Programme management challenges. The difficulty in measuring results against planned targets and assessing WHO’s contributions to the same are indications of a number of systemic challenges in planning and monitoring processes within WHO at both corporate and country levels. This weakens WHO’s capacity to demonstrate results and its contribution to health improvements in any given country. Furthermore, it appears that, over the course of the CCS 2012-2016, the WCO was not able to develop its own mechanism to monitor the effects of
WHO Evaluation Office its contribution to the various objectives defined for each priority of the CCS when developing its country workplans.
Question 3: How did WHO achieve the results?
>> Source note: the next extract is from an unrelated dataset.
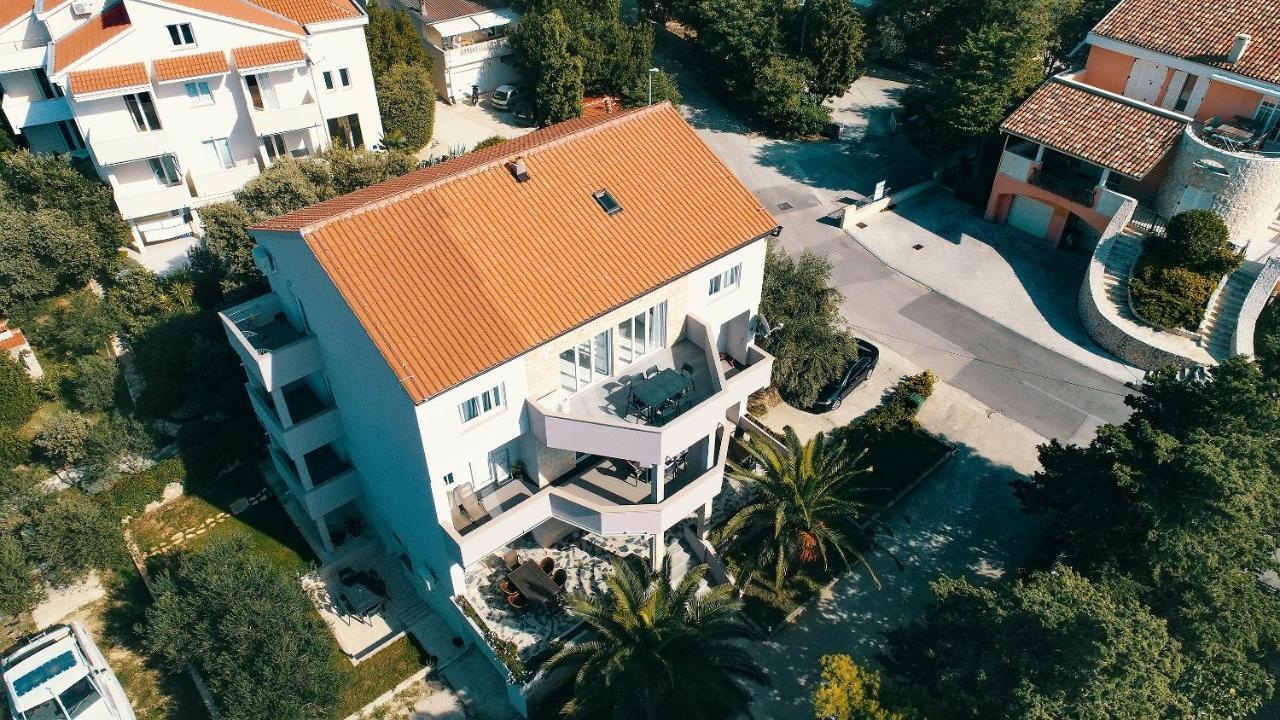Apartments Lola Новаля Екстериор снимка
Key contributions of core functions. Technical support stands out as the key core function contributing to the WCO work in support of the RTG and the implementation of the CCS 2012-2016. This core function enabled research activities, facilitated the adaptation of norms, standards and guidelines and provided evidence to inform policy options for decision makers. The other core function which played a major role was WHO’s leadership and convening power, allowing Thailand to avail of international expertise, and contributing Thai health expertise abroad. The WCO contribution to monitoring of health trends seems to have been more limited but, in the future, this core function is expected to play a much bigger role.
Partnerships. With respect to the work of the WCO with partners, the major shift introduced with the CCS 2012-2016 has been critical. Bringing together various actors around key priorities understandably takes time and, despite the mixed results obtained so far, it is considered by all as the way forward, establishing firm foundations for the design of the CCS 2017-2021. The initial collaboration with non-health actors that was introduced in the CCS 2012-2016 has been confirmed in the CCS 2017-2021.
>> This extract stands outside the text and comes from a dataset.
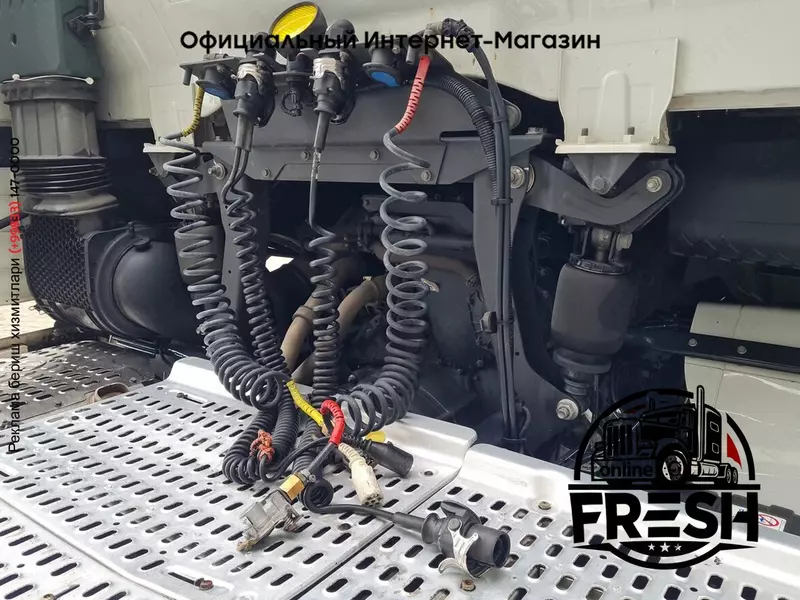 Тягач Iveco S-Way 570 4X2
Funding remains a critical means for WHO’s catalytic engagement in the country. It ensures that certain priorities remain high on the agenda. Funding mechanisms will need to follow the strategic shift from small projects to priority areas initiated with the CCS 2012-2016 and confirmed in the CCS 2017-2021, and new approaches through pooled funding mechanisms are being considered.
Staffing. The WCO team composition and skills mix has evolved over time and been strengthened with a doubling of the number of international staff over the CCS 2012-2016 period. It is important to be able to match staff profiles and expertise with the priorities set out in the CCS. Considering the weaknesses in planning and monitoring observed during the CCS 2012-2016 and the expectations from national counterparts in this area, the WCO needs to ensure that it can very quickly mobilize adequate levels of expertise in this area.
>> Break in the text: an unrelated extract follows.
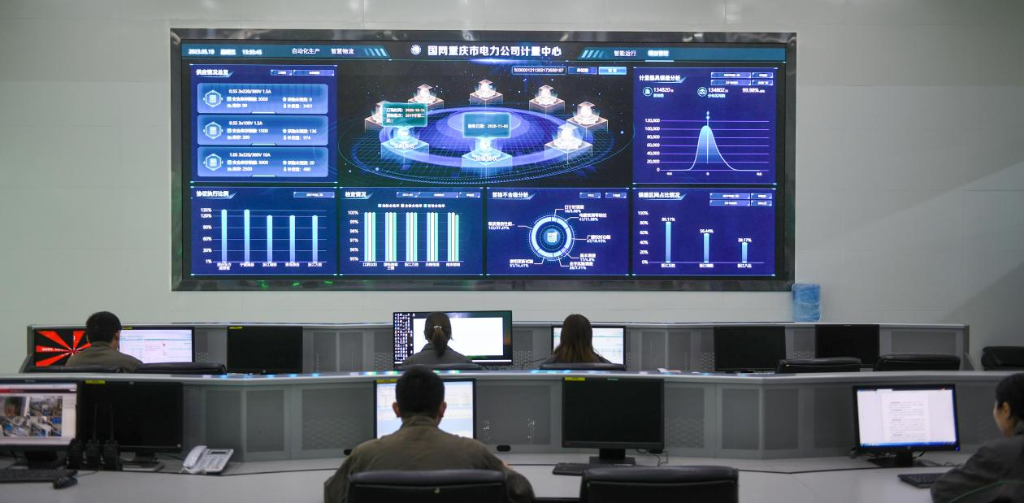 国网重庆市电力公司计量中心计量检定基地，计量业务集中监控室大屏显示着计量业务实时运行情况。国网重庆电力供图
Best practices and innovations. This evaluation highlighted a certain number of emerging good practices and innovations framing WHO’s engagement in Thailand. For instance, the approach taken in the
design of the CCS 2012-2016 and the lessons learned strengthened the design of the CCS 2017-2021, highlighting partnerships with national actors beyond the health sector and instituting a transparent and consultative priority setting process for the CCS 2017- 2021. The fact that the RTG has increased its funding to become the main funding source for the CCS 2017- 2021 also represents a major shift in its collaboration with WHO.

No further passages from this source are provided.